Ксения не стала долго задерживаться в корчме, памятуя о своем обещании Андрусю отвести того на гуляния. Кроме того, вскоре подняли в комнатку широкую балею, в которую слуги вылили пару ведер холодной и горячей воды, чтобы Ежи смог смыть с себя грязь замковой темницы, переменить рубаху на свежую, приготовленную предусмотрительным Люшеком. Ушла из этой небольшой комнатки, на прощание коснувшись губами лба Ежи. Тот успел ухватить ее за руку, когда она уже отстранялась от него, удержал подле себя.
— Что там пани Эльжбета? — тихо спросил он, смущенно, словно молодец влюбленный, отводя глаза в сторону от ее взгляда. — Здрава ли?
— Здрава, ждет тебя всем сердцем и душой, — ответила Ксения, с трудом удержавшись, чтобы не огорошить того вестями, которые знала сама. Но улыбки сдержать не сумела, и Ежи нахмурился, глядя, как раздвинулись ее губы, как озорно сверкнули глаза.
— Что там у пани Лолькевич? Стряслось что? — но она уже увернулась от его руки, уклоняясь от ответа, поспешила к двери.
— Сама все скажет. Я не могу…
— У! Заноза! — ответом на его ворчание был только тихий смех с лестницы, и он невольно улыбнулся сам. Вот ведь…!
Анджей уже ждал ее в своих покоях, с трудом скрывая свое нетерпение. Оттого он и бросился к Ксении, едва та ступила на порог, обхватил вдруг ее руками, прижимаясь к ней всем телом. Нежданная ласка, и такая мимолетная, ведь он тут же отстранился, обернулся на улыбающуюся Магду, словно извиняясь за свой порыв, но та лишь кивнула ему, и он улыбнулся в ответ.

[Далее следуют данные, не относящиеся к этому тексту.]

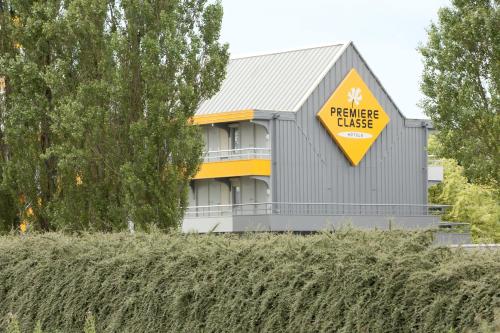 כניסה, Premiere Classe Caen Est - Mondeville in Caen כניסה, Premiere Classe Caen Est - Mondeville in Caen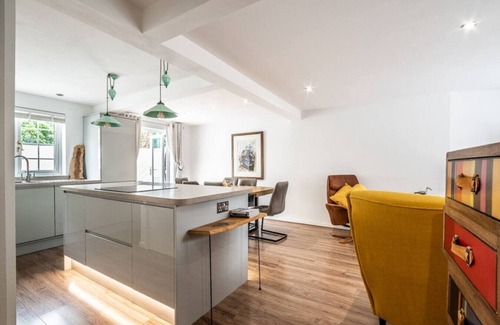 Topsham Apartment | Tappers Yard, Topsham, Exeter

Мой маленький, прикоснулась губами к его волосам прежде, чем ему одеть шапку, Ксения. Мой маленький пан ординат. Такой серьезный и такой смешливый одновременно… Мое дитя…
По пути во двор Анджей снова спросил мать о пане Смирце, и теперь та с легкой душой могла сказать ему, что тот уже скоро увидится со своим «внуком», ведь уже на днях будет в Заславе, отводя взор от взгляда Марии, что тут же обернулась на нее при этих словах. Но та ничего не сказала, снова повернулась к сыну, которого вела за руку по галерее, спеша во двор, и далее — за ворота брамы, на гуляния, шум которых уже доносился, пусть и еле слышно через слюду окон.
Во дворе Замка было многолюднее, чем тогда, когда Ксения вернулась из града. Лошади, хлопы, подтягивающие подпруги и проверяющие сбрую, охотники, готовившиеся к выезду в лес, что лежал за Замком. На пути к выходу через ворота брамы Ксению вдруг остановила чья-то рука, и она резко обернулась, отчего-то перепуганная этим жестом. Но это был не Владислав, как она решила, а пан Сапега, ожидающий, пока ему приведут оседланного валаха.